Okay, that’s enough to work with. Okay. It was rare for MTOs to have diagnostic records that thorough, and it let First Aid have a well needed moment to process how he could handle this. He hummed in delight to know the damage was mostly scuffed paint and damage self-healing programs could fix.

Of course, he was still needed.

The energon lines were the most important to fix. First Aid took a deep vent and pulled a sterile rag from his subspace and a soldering iron from the kit by his side. It was an easy fix, really.

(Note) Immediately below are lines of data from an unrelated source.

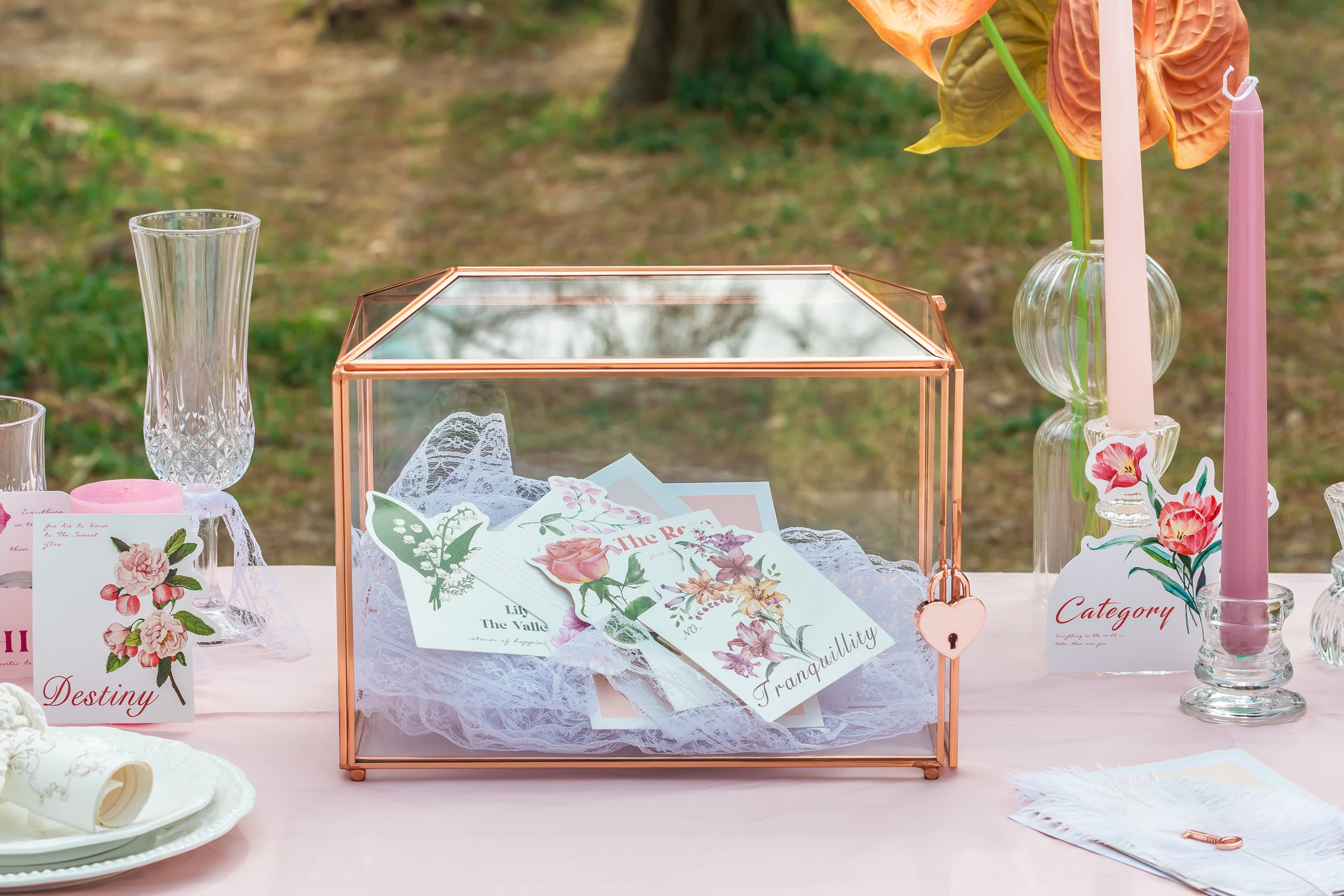 US Rose Gold Pink Pure Copper Standard Large Geometric Glass Card Box Terrarium with Slot, Lock, Handmade for Wedding Reception Wishwell - NCYPgarden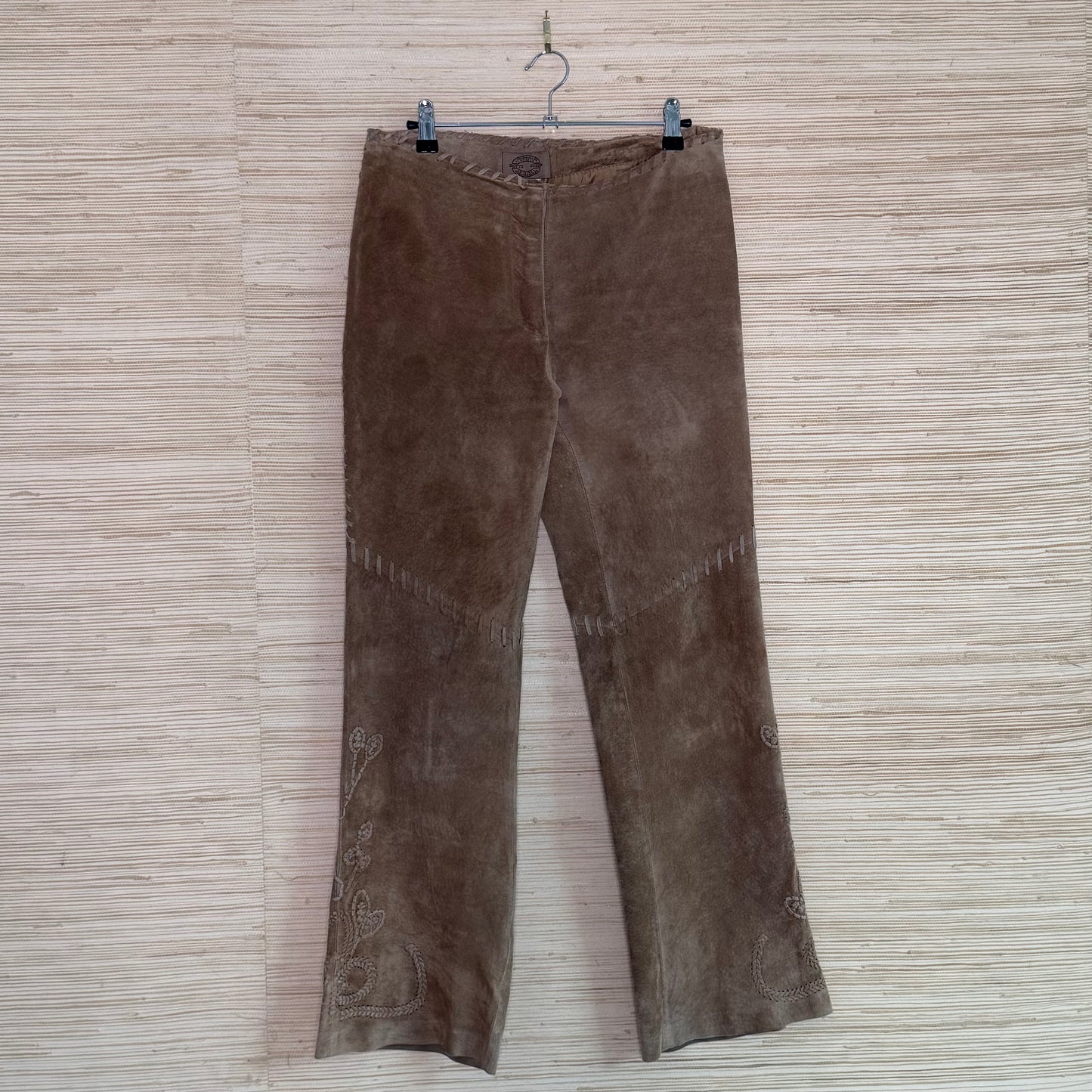 Suede Pants Floral Detail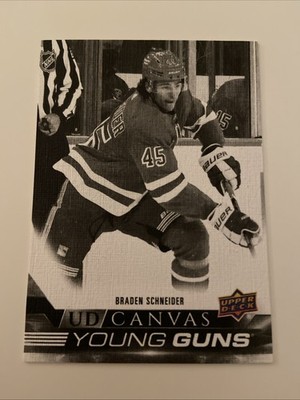 NHL Card-Braden Schneider-Black & White Young Guns Canvas-UD1 2022-23-Rangers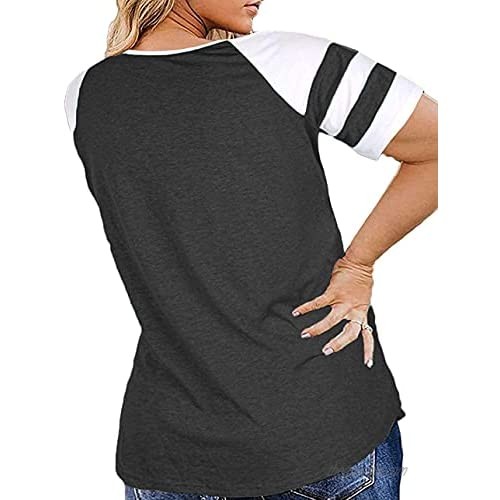 Women's Plus Size T-Shirts Short Sleeve Summer Tunic Tee Tops Casual Loose Cotton Work Blouse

He stooped over Peds’s legs and felt around to find the energon line that was severed. He dug his servos just under the seam of his thigh armor and got a weak writhe in response to the circuit he struck. First Aid flinched and pulled away. Glancing down at his energon stained servo, he distressedly huffed.

At least he found the severed point.

He wiped the energon on his leg and reached for the solder in the kit. He pushed his EM field towards Peds, trying to front it with safety/healing/comfort. His breathing got a little less ragged. That was good!

“Okay, this is going to hurt a lot, I’m sorry,” He muttered to the unconscious mech, before weaving the iron between the seams of the armor and tracing along where he was confident the energon line was. Peds thrashed again and Aid quietly hushed him, pushing his EM field onto him.

Once he set down the soldering iron and felt the cautery he made for any missed pots, he let himself exvent. He took the rag off of where he tossed it on his shoulder and cleaned the thigh of excess energon. He turned his attention to the other leg , feeling around again for where the energon pressure vanished, where it was cut. He found it much less eventfully, getting another weak flail from Peds. He quickly withdrew his servos and repeated what he did with the first leg, quickly soldering the line closed.

 He cleaned up the mech’s legs more thoroughly and started pinning repair notes to the mech’s record. With a final “Undo energon line cauteries and repair leg functionality.” he sent the message away for a second time and crawled up to Peds’s arm.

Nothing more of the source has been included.